## What to produce
Leave the pictures out and restate every line below exactly.

## Dataset excerpt
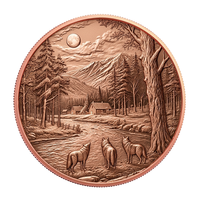 Pièce de monnaie en cuivre 1 oz 999 pur, haute relief 3D, motif Pack de loups, Lune, Ruisseau, Cabane, Montagne, Forêt sauvage, pièce de collection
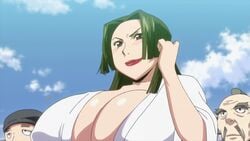 2boys animated blush bouncing_breasts breasts brown_eyes cleavage female green_hair hoods_entertainment huge_breasts kaneko_hiraku lipstick long_hair manyuu_hikenchou multiple_boys smile standing toyo_(manyuu_hikenchou) yukata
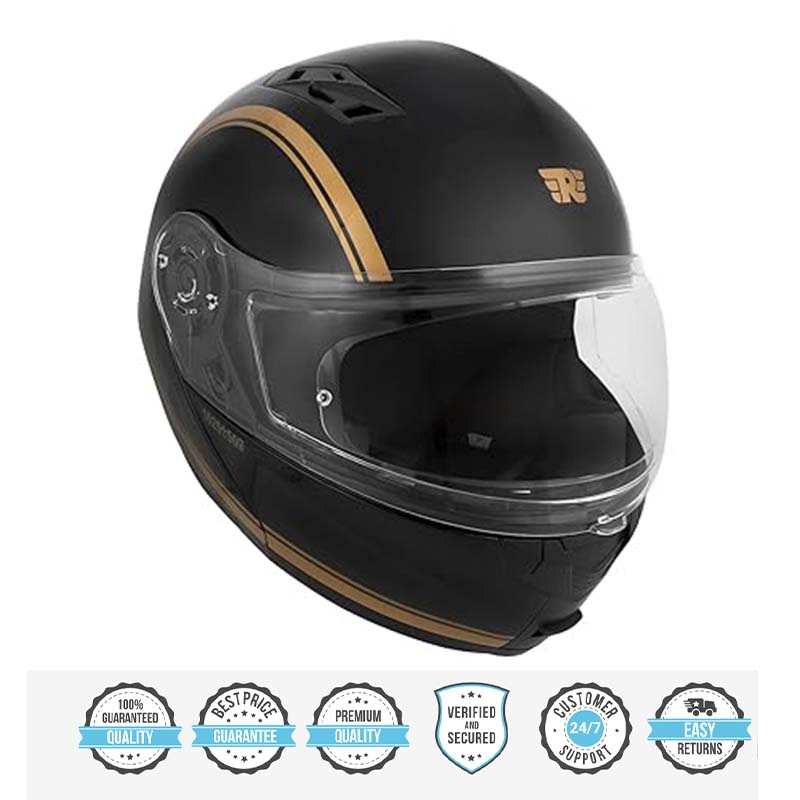 Royal Enfield Lightwing Modular Riding Helmet Black With Gold Strep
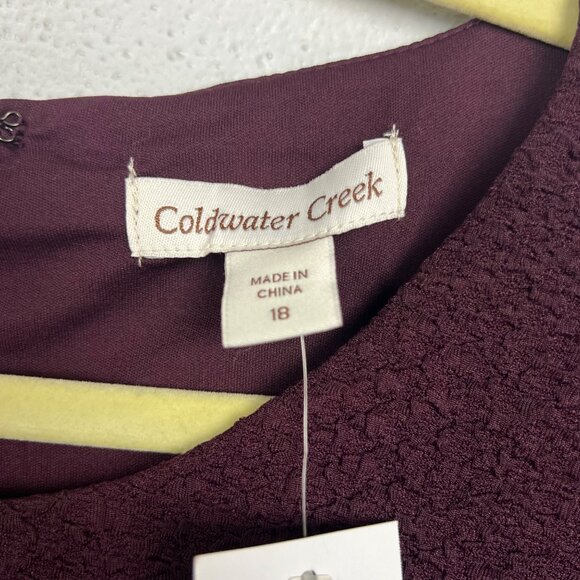 NWT Coldwater Creek Women's Blackberry Color Textured 3/4 Sleeve Dress Size 18 - Picture 7 of 7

## Your response
 Pièce de monnaie en cuivre 1 oz 999 pur, haute relief 3D, motif Pack de loups, Lune, Ruisseau, Cabane, Montagne, Forêt sauvage, pièce de collection
 2boys animated blush bouncing_breasts breasts brown_eyes cleavage female green_hair hoods_entertainment huge_breasts kaneko_hiraku lipstick long_hair manyuu_hikenchou multiple_boys smile standing toyo_(manyuu_hikenchou) yukata
 Royal Enfield Lightwing Modular Riding Helmet Black With Gold Strep
 NWT Coldwater Creek Women's Blackberry Color Textured 3/4 Sleeve Dress Size 18 - Picture 7 of 7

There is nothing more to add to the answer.